Does anyone know where/how to aquire a prefrbly close to full grown bunch?


----------



## Jubs (Nov 14, 2008)

This is because they have been banned from being shipped without permits due to having invasive problems in certain areas of the country. So in order to ship them you have to have a special permit.


----------



## slowhand35 (Nov 12, 2008)

Hello Jubs,
Try this link AquaBid.com - Your Aquatic Auction Website
It ends in 21 hours.


----------



## fishfinder (Aug 31, 2008)

--------------------------------------------------------------------------------

This is because they have been banned from being shipped without permits due to having invasive problems in certain areas of the country

Is this a recent ban? My LFS had some this summer. I thought it must be the weather. Stocks start getting low this time of year here.


----------



## slowhand35 (Nov 12, 2008)

It was the first I heard of it as well.
I don't keep up with current info on the more common snails, judging from all the ramshorn and others on aquabid I guess it is just applesnails.
Good info to have though.

Also, the link I posted was intended for BigBrownTank, sorry for any confusion.


----------



## MediaHound (Jul 19, 2006)

Wow I didnt know that about apple snails. 

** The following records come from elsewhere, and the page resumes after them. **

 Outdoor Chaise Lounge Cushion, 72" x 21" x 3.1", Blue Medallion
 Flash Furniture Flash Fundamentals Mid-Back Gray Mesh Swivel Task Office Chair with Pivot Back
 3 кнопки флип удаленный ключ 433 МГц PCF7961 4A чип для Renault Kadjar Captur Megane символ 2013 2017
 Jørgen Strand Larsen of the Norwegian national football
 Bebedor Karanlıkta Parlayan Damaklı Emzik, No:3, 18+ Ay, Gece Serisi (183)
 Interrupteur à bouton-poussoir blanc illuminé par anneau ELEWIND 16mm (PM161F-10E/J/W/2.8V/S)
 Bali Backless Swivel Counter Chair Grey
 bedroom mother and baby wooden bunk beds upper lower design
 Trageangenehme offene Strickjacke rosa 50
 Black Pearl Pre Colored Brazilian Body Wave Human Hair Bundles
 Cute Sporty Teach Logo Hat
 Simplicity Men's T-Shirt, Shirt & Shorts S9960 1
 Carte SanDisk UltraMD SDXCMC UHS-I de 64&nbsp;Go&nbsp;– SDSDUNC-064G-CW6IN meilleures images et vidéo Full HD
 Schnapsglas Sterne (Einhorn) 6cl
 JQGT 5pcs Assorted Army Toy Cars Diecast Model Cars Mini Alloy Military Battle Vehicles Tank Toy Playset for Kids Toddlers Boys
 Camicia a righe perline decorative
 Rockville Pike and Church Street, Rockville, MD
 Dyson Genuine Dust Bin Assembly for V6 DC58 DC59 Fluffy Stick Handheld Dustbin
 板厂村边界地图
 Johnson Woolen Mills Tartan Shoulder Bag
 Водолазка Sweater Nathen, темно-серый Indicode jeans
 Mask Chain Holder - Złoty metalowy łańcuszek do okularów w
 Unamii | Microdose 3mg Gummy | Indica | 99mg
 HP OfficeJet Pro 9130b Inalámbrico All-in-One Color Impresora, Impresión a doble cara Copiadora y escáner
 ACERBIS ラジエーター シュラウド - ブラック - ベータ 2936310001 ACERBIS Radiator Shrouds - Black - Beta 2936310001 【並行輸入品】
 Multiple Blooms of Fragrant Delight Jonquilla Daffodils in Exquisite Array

I lived on a lake when I was a kid, I used to catch apple snails just about every day by the netful when I would net for fish. We had herons on the lake as well, they would catch them and leave a pile of shells on the edge of the water. Ahh, the memories!


----------



## archer772 (Nov 8, 2008)

Got this off another forum so thought I would post it 

Legal:
Pomacea bridgesii “mystery snail”- these snails are not plant eaters but REQUIRE permits to sell across state lines. Make sure your seller has these permits PLEASE! It is ONLY legal to sell the snails, it is ALWAYS illegal to sell the eggs
Malaysian Trumpet Snails- no restrictions
Common ramshorns- no legal restrictions
Common pond/tadpole snails- no legal restrictions
Anatome Helena “assassin snails”- no current restrictions
Nerites- no current restrictions, although there are some state by state broad-based import laws
Japanese Trapdoors- not restricted
ILLEGAL
Asolene spixi “zebra apple”- these are banned from transport. These snails lay their eggs in clutches UNDER the water line, can interbreed with Columbian ramshorns and often eat plants as juveniles, even when not a mixed species.
Marisa Cornuarietis “Columbian ramshorn”- Banned from transport. 
Pomacea canaliculata “channeled apple snail”- banned from transport
Pomacea haustrum “triton apple snail”- banned from transport
Pomacea paludosa “Florida apple snail, flapple”- banned from transport
These are just the most commonly seen; there are hundreds of apple snail species. If you choose to house any of these species, make sure to take proper precautions. Educate hobbyists if you decide to share them. DO NOT release them, DO NOT flush them, dispose of any unwanted snails responsibly. If anyone breeds their pomacea bridgesii and plans to sell them, please get permits. If you are having a hard time with the permit process, I would be happy to help. I will be doing a “how-to” write up soon.
In conclusion, it IS the hobbyist/buyers responsibility to do research on a species before getting them. If you house species, know what you have, how to identify it, and what to do with offspring. The restrictions that are in place are there for a reason. Your choices directly impact the hobby, make them wisely.


----------